There is no question that the efforts of the Department of Justice and the Federal Trade Commission are having a positive effect on the pricing of real estate services and I applaud the work done by both agencies . I have been convinced for years that real estate services could and should be available to consumers in different formats and options and that the only real barrier to brokers offering this is the huge real estate industry and the state real estate commissions dominated by these same people.
The National Association Of Realtors of course is espousing the majority view of the membership and that is that the commission structure and the cooperative agreements resulting from the MLS needs to remain in tact. The only way to do that in today's internet climate is to insure that MLS policies and rules exist that make it difficult for a broker with a different business model to succeed. The Kentucky real estate commission , like other real estate commissions, is owned and operated by the real estate trade association of each state. In fact, in Kentucky the President of The Kentucky Association of Realtors is actually an agent of one of the commissioners. There is probably no conflict there, however, it does point out the closeness of these two groups.
In fairness to the attorneys' at the KREC that work daily with these commissioners/brokers I know how difficult it must be to remain objective and to give adequate weight to their mission of safe guarding the public when they are in personal relationships with these commissioners/brokers who wake up every day trying to maintain the status quo.
New rules and regulation implemented recently by the KREC make it obvious that they are intent on making the paths of flat fee brokers and other business models in the state as perilous as possible in hopes of discouraging them. Recently a flat fee broker by the name of James Long of Scottsville Kentucky was fined $250 and ordered to attend nine additional hours of continuing education for advertising his commission of $2495 "near" an MLS logo.

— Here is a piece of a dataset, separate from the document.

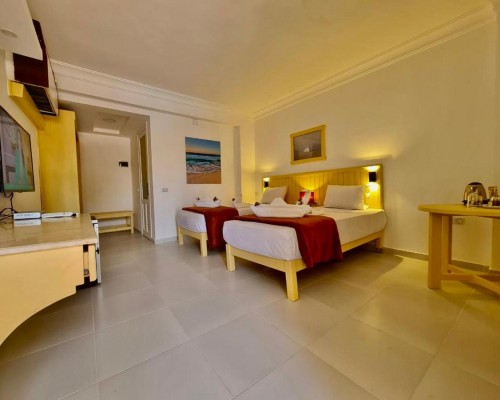 Zak Apartment — апартаменты в центре Хургады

As of just a couple of months ago we now have broker minimum service rules that seem to have come out of nowhere. In a presentation to the Heart Of Kentucky Association of Realtors on September 7th, 2005 , Lee Harris, the legal counsel for the KREC responded to a request to explain the background of this new rule by saying that "we got some calls from consumers that said their deals were hung up so we just copied Indiana's rule regarding this". When asked whether the KREC had actually received any complaints to warrant this new set of rules she responded "no".
Another rule recently adopted by the KREC on the advise of their legal staff was to make it an advertising violation for a home seller to run their own ads when property is listed with a Kentucky broker. Since the licensing laws doesn't apply to private citizens the KREC placed a burden on brokers to get yet another disclosure for the file. This rule was obviously directed at the internet brokers to try to discourage them and as a result to limit the option available to home sellers that desire to sell on their own and purchase MLS access separately.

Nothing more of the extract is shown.